The poster featured at the bottom of this post has hung in my room for most of my life. I’d never seen the film, but I knew it was a good one. Why else would it be hanging in my room? Let me explain.

My brother is 12 years older than me, so he was out of college before I was out of elementary school. Naturally, I moved into his room as soon as he was no longer occupying it. Over the years I gradually changed things about it, replacing his books with my own, his furniture with my own, and his poster with my own- except for one. I don’t know why, but I just kept it up. I guess I didn’t really have anything I wanted to replace it with, and it hung on the back of my closet door- prominent enough so that I saw it every day, but not exactly prime real estate. So it stayed.

Over the years, I guess I subconsciously developed an idea of who these people were. The tagline “Five criminals/One line up/No coincidence” gave me an idea of what the film was about, and it kind of stuck with me. Actually watching The Usual Suspects for the first time was one of the strangest experiences of my film-watching career.

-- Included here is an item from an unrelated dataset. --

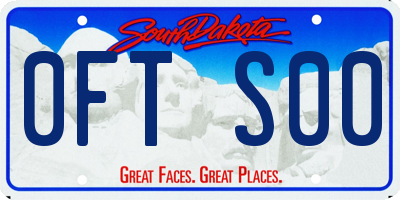 SD license plate 0FTS00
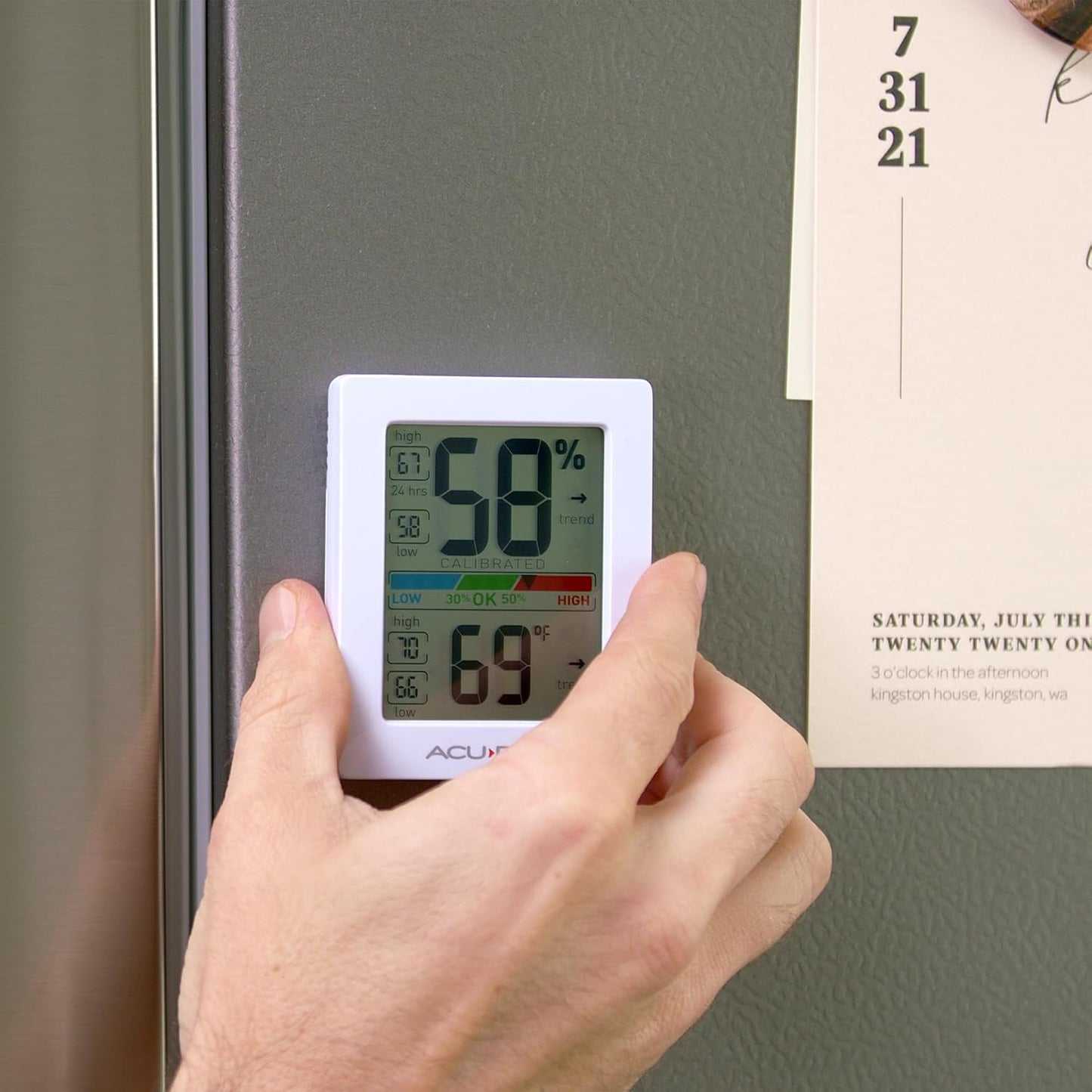 Higrómetro digital para interiores 3x2.5" blanco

I honestly can’t be specific in any way. I don’t know what I expected. I don’t know who I thought each character would be. I might have even thought the film would be a comedy. All I know is that the opening sequence- the burning of the boat, the rounding up of each criminal- was impossible for me to understand. I had to rewind and keep watching it because I just couldn’t grasp exactly what was going on. It was like I had to consciously separate the story in front of me from the story I accidentally developed in childhood. I’ve never had an experience like that before- it was absolutely surreal.

I’ll probably need to watch it again at some point to see if I’ll be able to further understand the reality of the film. But hey, at least now it has some reason to hang in my room.

0 thoughts on “My Unusual Experience with The Usual Suspects

  1. I think your post gets at the heart of advertising for films. The deliberate teasing of plot aspects and characters without full context is meant to have exactly the impact that the “Usual Suspects” poster had on you. When we see a trailer or poster, we begin to fill in those blanks and write our own mental version of the movie. I consider this a major motivation for going to the theatre, so see whether the version of a movie I’m predicting matches up with the final product. That being said, I also think films are far more engaging when this expectation is not met, otherwise, you get the commonly used “this was too predictable” complaint. We expect the film industry to deliver both what it promises in trailers and something entirely surprising at the same time.